Durante un gobierno se instalan y en el siguiente las reubican sin razón alguna, o cuando menos explicación plausible. No hace mucho y con motivo de la corrupta construcción de las instalaciones de la Feria de Santa Rita, la estatua del Vaquero, instalada en la carretera a Aldama, de pronto cambió de residencia. En esta ocasión no vimos a Patricio Martínez tirarse al suelo para protegerla como en los tiempos en que era presidente municipal Gustavo Ramos Becerra y el Vaquero hace camping en otro sitio. Hoy les tocó el turno a José Fuentes Mares y al general Rodrigo M. Quevedo. Al historiador y filósofo le buscaron acomodo en otra parte, no obstante que un lado de la Quinta Gameros está lo que se llama el Rincón del Filósofo, y además en este museo un sitio en su recuerdo.
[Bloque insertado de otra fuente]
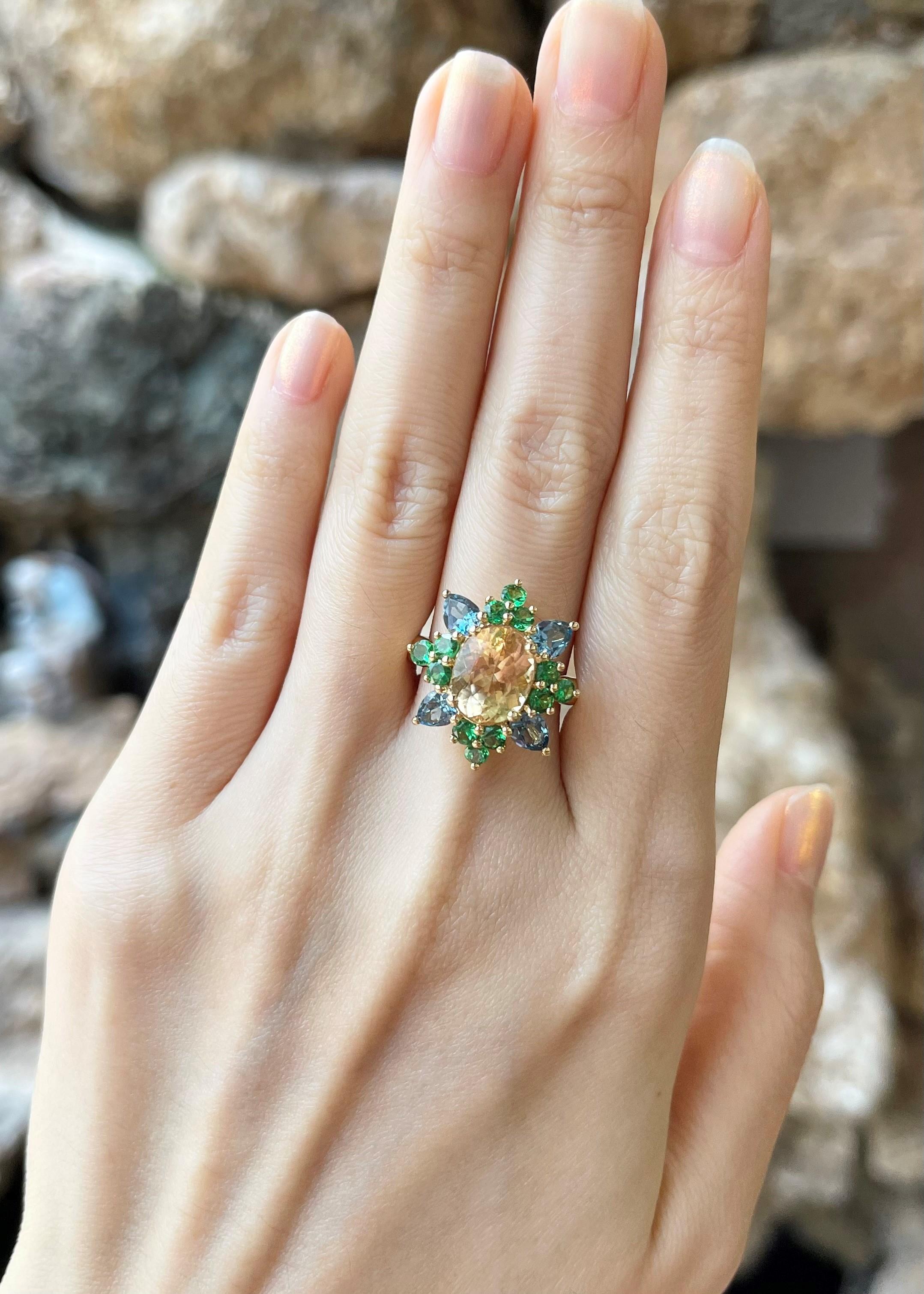 Contemporary Imperial Topaz, Aquamarine and Tsavorite Ring set in 18K Gold Settings For Sale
De todas maneras lo desahuciaron lanzándolo de su casa, a alguna bodega, y sin sentido alguno. Es lamentable que nadie haya dicho nada; el ICHICULT. ya sabemos, es mudo en estas cosas, pero hay otras voces que ahora simplemente callaron.
Rodrigo M. Quevedo fue llevado al bronce durante los primeros años del gobierno de José Reyes Baeza; entonces era diputado local y me opuse a la estatua misma porque la juzgué inmerecida, posición que conservo hasta ahora. Los Quevedo empezaron su periplo político como magonistas y por esas transformaciones de las personalidades de la revolución mexicana, Rodrigo llegó a ser un hombre importante en la política local y nacional, olvidándose por supuesto de la orientación progresista a la que dio aliento su tocayo Ricardo Flores Magón y otros que no viene al caso mencionar. Pues bien, Quevedo llegó al cargo de gobernador del estado de Chihuahua y se convirtió en uno de los caciques propios de la época –los que a su tiempo barrió Lázaro Cárdenas– y como tal abrió una etapa de abuso descomunal del que da cuenta un famoso corrido de Mariana Ahedo (Graciela Olmos, La Bandida), con quien fundó un negocio en Juárez para traficar whisky a Estados Unidos, especialmente a las mafias de Chicago que en esa época controlaba el mismísimo Al Capone. Era un hombre que ejerció un poder despótico, unipersonal, militarista; que lo mismo desterraba que practicaba el abigeato y amenazaba a los periodistas de una manera hoy poco recordada, pero no por ello carente de ser un agravio. Sin embargo fue un cacique con suerte, quizás de los únicos que se salvaron de la defenestración cardenista, pues si bien lo sacaron de la escena local haciéndolo jefe de una zona militar importante, aledaña al Distrito Federal, de todas maneras dejó sembrado su grupo del que Teófilo Borunda, con el tiempo, también se convirtió en gobernador del estado.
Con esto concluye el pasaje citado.